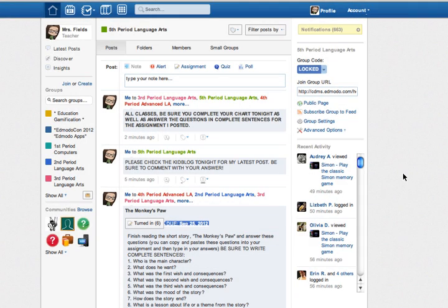This is Ms. Fields again, and I thought I would show you quickly how to copy and paste tonight's assignment into your answer.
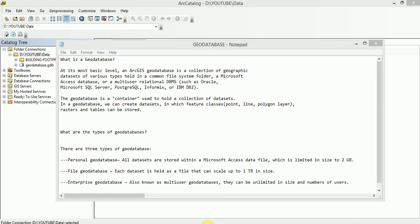Hello friends, welcome to GISpedia. In this video we will learn what is a geodatabase, what are the types of geodatabase, and how we can create geodatabase.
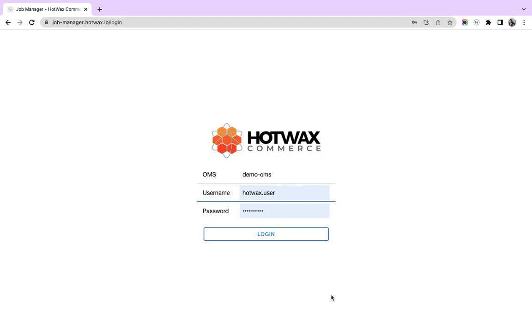In this video, I'll demonstrate the working of our job manager. Job manager can be used by retailers to manage configurations and schedule various jobs in Hotwax Commerce.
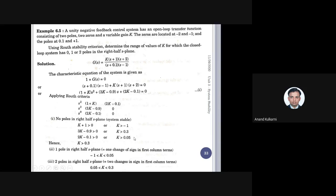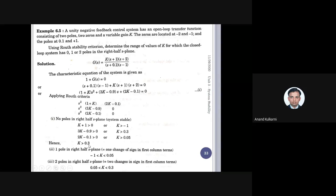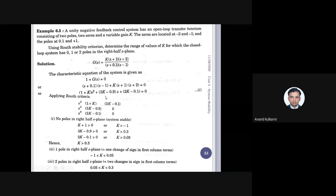So K > −1, K > 0.3, and K > 0.05. If K is greater than 0.3, all conditions are satisfied — it is also greater than −1 and greater than 0.05. Therefore, the system is stable when K > 0.3, and unstable when K < 0.3. This is the method: find all conditions on K from the first column, then take the most restrictive one.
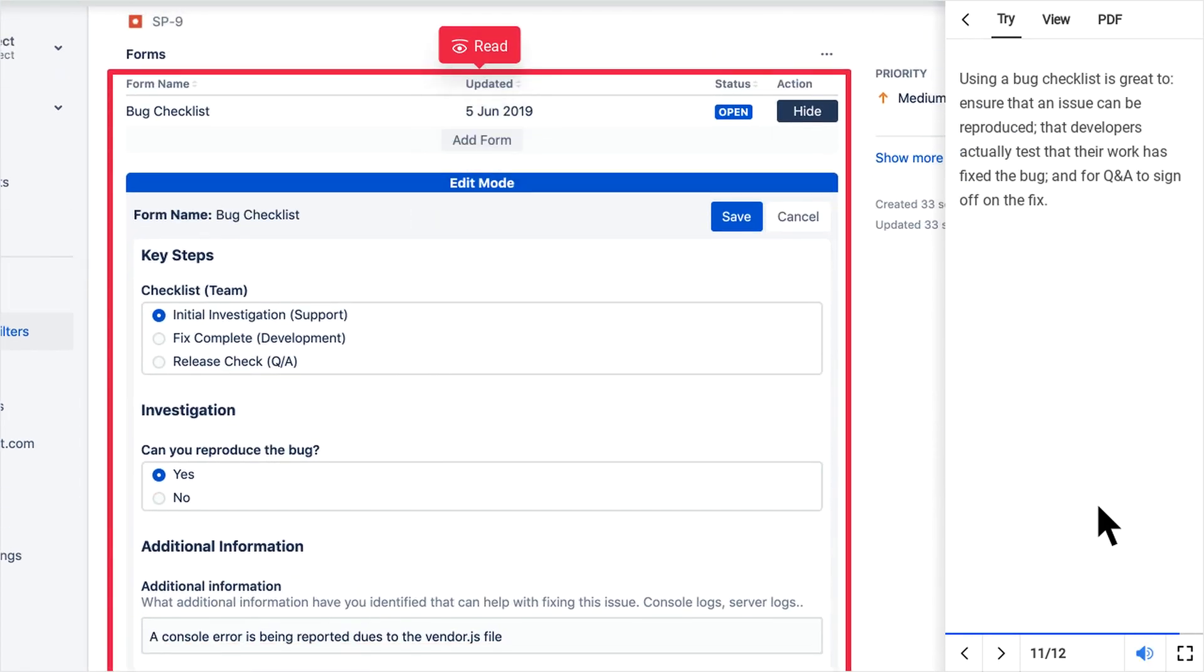Using a bug checklist is great to ensure that an issue can be reproduced, that developers actually test that their work has fixed the bug, and for QA to sign off on the fix.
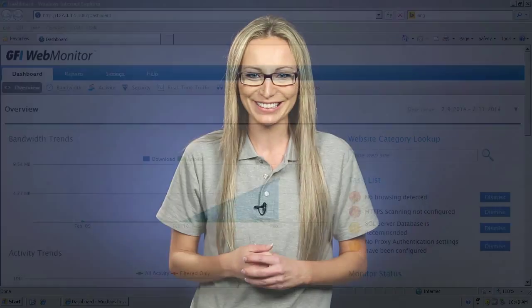In this video, I'm going to show you how to quickly and easily export and import the GFI Web Monitor configuration.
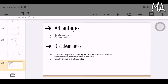Advantages of the binary weighted resistor DAC: it is simple to analyze and offers fast conversion. Disadvantages: it requires a wide range of actual resistor values, it requires low switch resistance in transistors, and it is usually limited to 8-bit resolution. For example, if you send 30 bits, for the LSB you would need 2^30 — a very large resistance value — making it impractical.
•••
■ Task goal
Print exactly the lines between the line containing "In this video, I'll" and the last line of the entries above, including both, and nothing besides; skip the pictures.

■ Response for this exercise
In this video, I'll demonstrate the working of our job manager. Job manager can be used by retailers to manage configurations and schedule various jobs in Hotwax Commerce.
So K > −1, K > 0.3, and K > 0.05. If K is greater than 0.3, all conditions are satisfied — it is also greater than −1 and greater than 0.05. Therefore, the system is stable when K > 0.3, and unstable when K < 0.3. This is the method: find all conditions on K from the first column, then take the most restrictive one.
Using a bug checklist is great to ensure that an issue can be reproduced, that developers actually test that their work has fixed the bug, and for QA to sign off on the fix.
In this video, I'm going to show you how to quickly and easily export and import the GFI Web Monitor configuration.
Advantages of the binary weighted resistor DAC: it is simple to analyze and offers fast conversion. Disadvantages: it requires a wide range of actual resistor values, it requires low switch resistance in transistors, and it is usually limited to 8-bit resolution. For example, if you send 30 bits, for the LSB you would need 2^30 — a very large resistance value — making it impractical.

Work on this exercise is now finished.